Les groupements en EPS, un moyen de partager et construire des connaissances ?

À l’heure où le vivre ensemble est devenu une dimension incontournable dans la société et qu’il est omniprésent dans les programmes actuels du collège et du lycée (2015), il semble important de mettre en place des conditions d’apprentissage permettant de construire un environnement propice au bien-être de chacun. Depuis quelques années, la diversité des élèves s’accroît au sein des EPLE. Le vécu de chaque élève varie en fonction de son environnement social, familial, sportif et scolaire, ce qui crée un écart inévitable entre chaque élève d’une même classe face à un nouvel apprentissage. Cet écart confronte l’enseignant à de nouvelles problématiques telles que le respect, la tolérance, la différenciation entre les élèves de niveaux différents, mais surtout l’accès et le développement de tous à de nouvelles compétences. Ces nouvelles problématiques remettent en question le climat scolaire actuel, amenant l’enseignant à répondre aux besoins de chaque élève.

En effet, la construction d’un climat scolaire serein, propice aux apprentissages de tous est devenu un enjeu primordial pour les enseignants. En EPS, là où les problématiques du corps et des relations aux autres sont omniprésentes, il apparaît nécessaire d’envisager un climat scolaire permettant à chaque élève de s’épanouir et d’apprendre. En effet, dans les programmes de 2008, la finalité de l’EPS était de « former un citoyen cultivé, lucide, autonome physiquement et socialement éduqué ». L’une des modifications notables apportée aux nouveaux programmes d’EPS, au collège, en 2015, était l’intégration de la notion du « souci de vivre ensemble » à la finalité de l’EPS, invitant ainsi les enseignants à être vigilants sur la cohabitation entre des élèves différents.

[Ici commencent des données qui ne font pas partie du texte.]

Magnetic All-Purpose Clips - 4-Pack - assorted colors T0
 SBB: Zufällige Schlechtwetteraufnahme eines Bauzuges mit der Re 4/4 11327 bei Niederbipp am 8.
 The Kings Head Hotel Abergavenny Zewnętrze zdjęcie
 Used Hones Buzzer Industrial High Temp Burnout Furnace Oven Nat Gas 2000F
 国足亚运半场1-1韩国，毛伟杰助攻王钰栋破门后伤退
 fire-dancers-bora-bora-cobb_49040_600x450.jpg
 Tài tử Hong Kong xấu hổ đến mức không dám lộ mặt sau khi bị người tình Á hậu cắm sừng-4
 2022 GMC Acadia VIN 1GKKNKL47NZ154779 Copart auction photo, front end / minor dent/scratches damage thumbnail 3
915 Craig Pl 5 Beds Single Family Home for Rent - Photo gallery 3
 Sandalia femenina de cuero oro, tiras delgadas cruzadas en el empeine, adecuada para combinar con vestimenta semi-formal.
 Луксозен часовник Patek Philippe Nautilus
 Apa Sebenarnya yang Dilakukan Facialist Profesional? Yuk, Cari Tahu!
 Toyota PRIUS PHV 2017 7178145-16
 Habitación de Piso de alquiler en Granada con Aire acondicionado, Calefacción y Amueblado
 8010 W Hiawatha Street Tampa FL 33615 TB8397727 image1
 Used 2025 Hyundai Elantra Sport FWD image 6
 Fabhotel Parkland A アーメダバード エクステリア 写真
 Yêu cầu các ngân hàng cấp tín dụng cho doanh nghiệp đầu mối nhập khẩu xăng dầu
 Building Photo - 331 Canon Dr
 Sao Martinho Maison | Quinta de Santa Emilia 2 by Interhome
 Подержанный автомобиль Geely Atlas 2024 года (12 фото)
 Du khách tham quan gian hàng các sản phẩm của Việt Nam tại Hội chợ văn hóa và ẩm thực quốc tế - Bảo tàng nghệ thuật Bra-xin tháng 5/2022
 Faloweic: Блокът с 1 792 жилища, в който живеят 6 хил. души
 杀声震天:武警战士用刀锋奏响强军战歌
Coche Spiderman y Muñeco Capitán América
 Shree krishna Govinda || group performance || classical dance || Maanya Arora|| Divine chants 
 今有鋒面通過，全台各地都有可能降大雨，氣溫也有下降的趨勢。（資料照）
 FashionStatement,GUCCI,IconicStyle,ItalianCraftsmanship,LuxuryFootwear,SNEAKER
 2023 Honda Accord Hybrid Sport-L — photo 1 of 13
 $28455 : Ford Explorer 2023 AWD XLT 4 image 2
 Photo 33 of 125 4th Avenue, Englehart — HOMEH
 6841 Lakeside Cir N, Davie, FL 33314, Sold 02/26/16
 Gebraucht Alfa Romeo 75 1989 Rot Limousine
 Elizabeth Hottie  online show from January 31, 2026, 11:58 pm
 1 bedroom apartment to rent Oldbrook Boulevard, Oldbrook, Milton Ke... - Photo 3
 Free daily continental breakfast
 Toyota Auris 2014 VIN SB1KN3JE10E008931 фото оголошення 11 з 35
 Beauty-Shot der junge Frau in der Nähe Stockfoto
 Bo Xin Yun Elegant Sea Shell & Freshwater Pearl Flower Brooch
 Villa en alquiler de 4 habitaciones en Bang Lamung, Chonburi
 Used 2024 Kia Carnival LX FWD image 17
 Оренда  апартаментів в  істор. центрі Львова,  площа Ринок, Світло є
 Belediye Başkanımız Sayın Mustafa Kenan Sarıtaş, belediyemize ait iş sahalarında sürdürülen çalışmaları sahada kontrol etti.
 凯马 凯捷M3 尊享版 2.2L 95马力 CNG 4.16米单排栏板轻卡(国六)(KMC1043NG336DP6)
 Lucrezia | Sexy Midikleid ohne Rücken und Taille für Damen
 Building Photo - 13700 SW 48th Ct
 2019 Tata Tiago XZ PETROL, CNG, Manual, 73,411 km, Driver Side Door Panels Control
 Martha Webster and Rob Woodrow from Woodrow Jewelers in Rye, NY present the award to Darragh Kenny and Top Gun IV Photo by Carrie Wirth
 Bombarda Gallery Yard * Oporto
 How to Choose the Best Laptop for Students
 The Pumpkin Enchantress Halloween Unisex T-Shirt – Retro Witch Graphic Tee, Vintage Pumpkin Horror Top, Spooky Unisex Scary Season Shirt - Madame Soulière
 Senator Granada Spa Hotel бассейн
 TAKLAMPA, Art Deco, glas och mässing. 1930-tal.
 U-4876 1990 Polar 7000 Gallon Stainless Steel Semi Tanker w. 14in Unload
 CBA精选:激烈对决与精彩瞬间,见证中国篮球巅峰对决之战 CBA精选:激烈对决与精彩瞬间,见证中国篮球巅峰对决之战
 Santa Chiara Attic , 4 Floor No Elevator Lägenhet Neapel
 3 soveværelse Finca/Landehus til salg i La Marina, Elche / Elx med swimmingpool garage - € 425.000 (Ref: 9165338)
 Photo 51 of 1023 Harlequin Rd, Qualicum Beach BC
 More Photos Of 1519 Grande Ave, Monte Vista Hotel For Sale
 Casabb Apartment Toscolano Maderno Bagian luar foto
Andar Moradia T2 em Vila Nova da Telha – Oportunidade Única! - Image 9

De plus, dans les récents programmes de Lycée (2019), cette notion de climat propice aux apprentissages est soulignée par des directives qui permettaient de « garantir des conditions d’enseignement optimales », « l’exigence de sécurité» et « la nécessité de tenir compte de l’hétérogénéité des élèves ». Ces ajouts dans les programmes officiels montraient la volonté d’inciter les enseignants à davantage prendre en compte l’écart de vécu entre leurs élèves pour construire un climat plus favorable aux apprentissages.

Revue de littérature : les groupements en EPS, un moyen de partager et construire des connaissances ? 

Afin de répondre à ces enjeux professionnels, éducatifs et sociétaux, nous nous sommes appuyées sur des recherches antérieures, notamment celles qui se sont intéressées à la gestion des groupes. Nous avons plus particulièrement ciblé les groupes coopératifs afin de comprendre l’influence de l’hétérogénéité sur les apprentissages, et les processus de partage et de construction de connaissances par les élèves.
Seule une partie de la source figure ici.